Hello, I have a Gitlab Community Edition instance running on a Synology (via Docker), that I’m using for a Ruby on Rails project (dockerized also). To ‘deploy’, I’m using Gitlab CI and a runner (shell executor) that runs on a Mac (Gitlab versions: 12.6.2 for the Gitlab instance, 12.6, the Mac uses the last version of Mojave and the last version of Docker). The runner is triggered to commits on a given branch.

It worked fine for about a year now. Since my last update of the Ruby on Rails project (to upgrade Ruby to 2.6.5), the Gitlab Runner seems to ‘disconnect’ during the execution of the script, which causes the job to fail (timeout error). But looking at the test.log of the Rails application, the script has actually executed properly and the next step has also been executed properly.

Here’s the script section of the .gitlab-ci.yml file

- docker-compose -f docker-compose.base.yml -f docker-compose.test.yml build
- docker-compose -f docker-compose.base.yml -f docker-compose.test.yml run --rm web sleep 60 # to make sure that the DB is started
- docker-compose -f docker-compose.base.yml -f docker-compose.test.yml run --rm web curl -H "Content-Type:application/json" -XPOST -d '{"password":"dummypassord"}' -u neo4j:neo4j http://db:7474/user/neo4j/password # the database is cleared and the password must be changed

# the CI job log stops in the middle of this step (didn't find a reason), but the rails test.log shows that the migration completes
- docker-compose -f docker-compose.base.yml -f docker-compose.test.yml run --rm web bundle exec rails neo4j:migrate

# the rails test.log shows that this step has been completed, but it does not appear in the Gitlab job log
- docker-compose -f docker-compose.base.yml -f docker-compose.test.yml run --rm web bundle exec rails test

Does anyone have an idea of the origin of this problem (or where to search to debug it)? The fact that all steps of the script execute completely let me think that it’s rather a gitlab runner issue that a docker one. But I wouldn’t affirm it with certitude.

Thanks in advance!

Problem solved. For eventual reference, here’s how I managed to solve it.
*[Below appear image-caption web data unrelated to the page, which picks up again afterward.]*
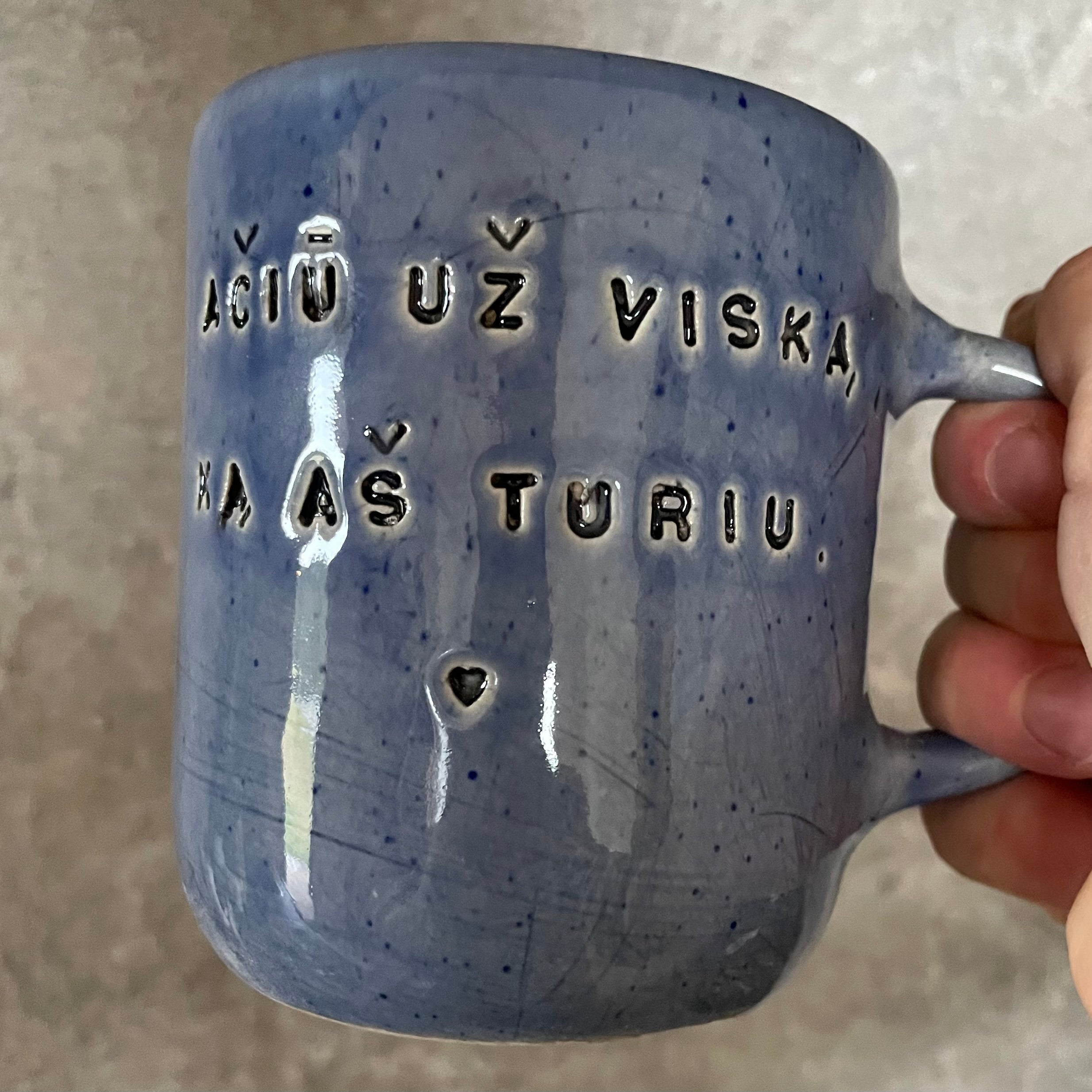 Blue mug with words in Lithuanian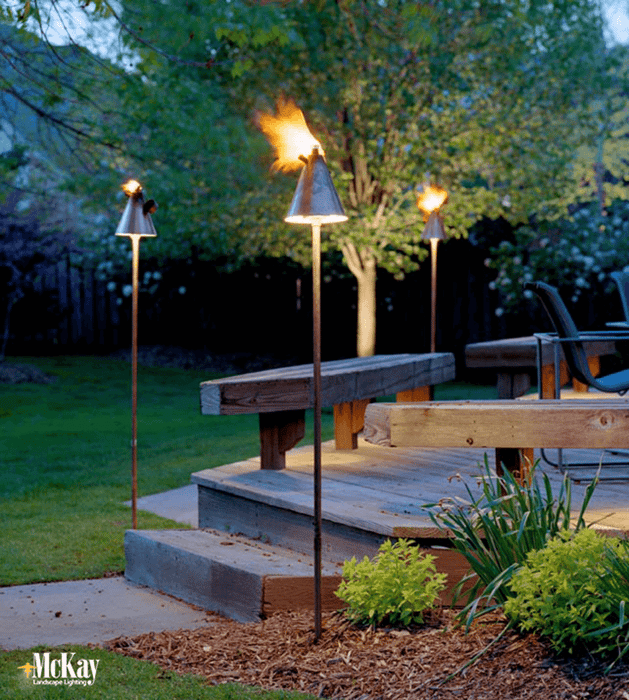 Tiki torches add a fun, resort-style aspect to your outdoor living area. Click to learn more... | McKay Landscape Lighting Omaha Nebraska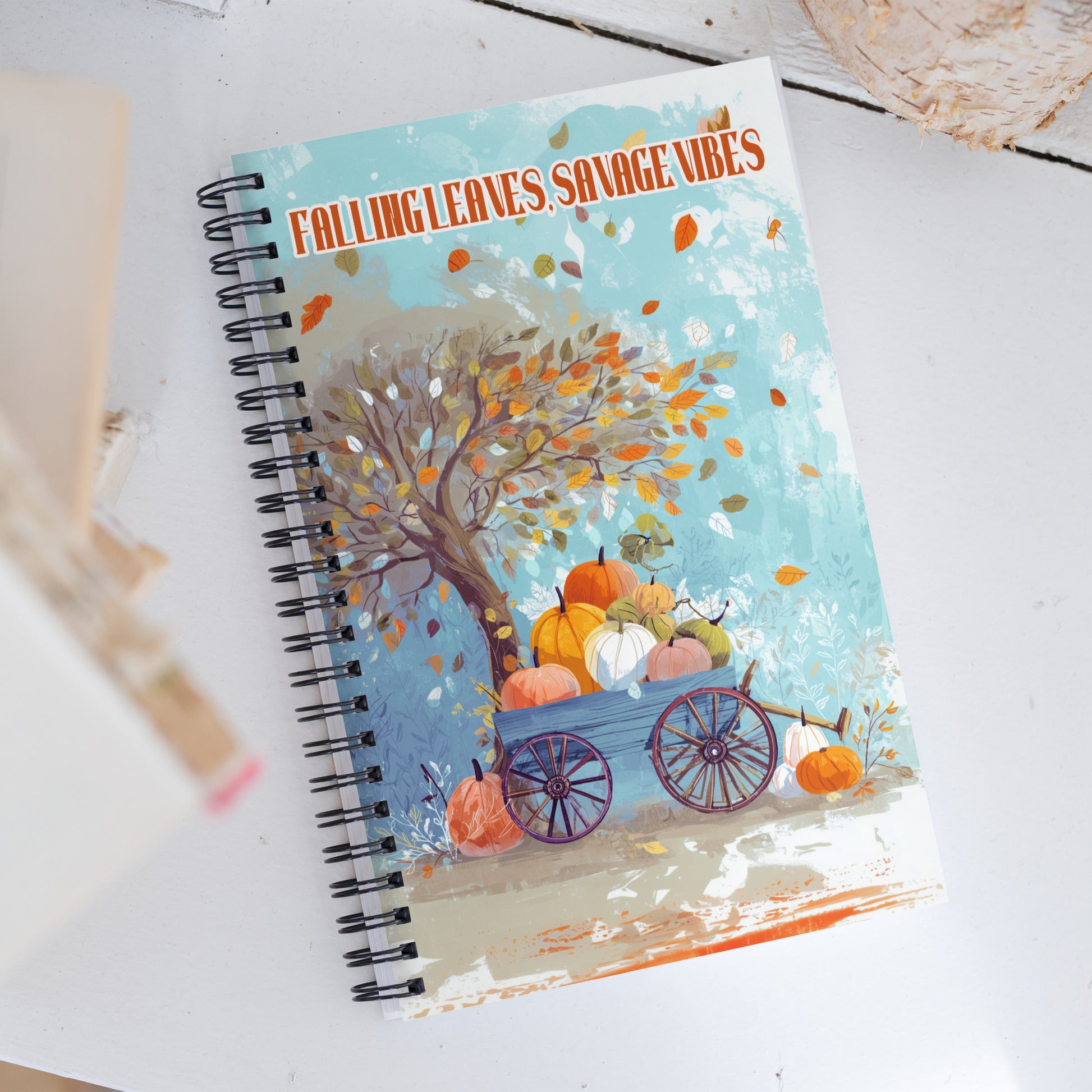 Notebook with autumn themed cover featuring pumpkins and a cart, titled 'Falling Leaves Savage Vibes', by Sweet and Savage.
  1. Have a good night of sleep :slight_smile:

  2. I discovered that the runner could be ran in debug mode (gitlab-runner --debug run). When the trace stop being sent, I observe the following messages in the log:

    WARNING: Appending trace to coordinator… failed code=500 job=688 job-log= job-status= runner=xxx sent-log=9247-37081 status=500 Internal Server Error

So it looked like the issue was actually on the gitlab instance side, rather than the runner.

  1. I searched in the api_json.log (from gitlab-rails), and did not see any trace of failure. But the cases where the requests succeeded where mentioned. So I thought about nginx, and saw that there were plenty of errors in the log files.

    2020/01/08 12:26:38 [crit] 389#0: *72802 open() “/var/opt/gitlab/nginx/client_body_temp/0000001249” failed (13: Permission denied), client: 192.168.1.55, server: gitlab.terminus.local, request: “PATCH /api/v4/jobs/687/trace HTTP/1.1”, host: “XXXX”

The permissions on var/opt/gitlab/nginx/client_body_temp were set on 777 for some reason, instead of 700. I changed that them to 700 and the problem was fixed.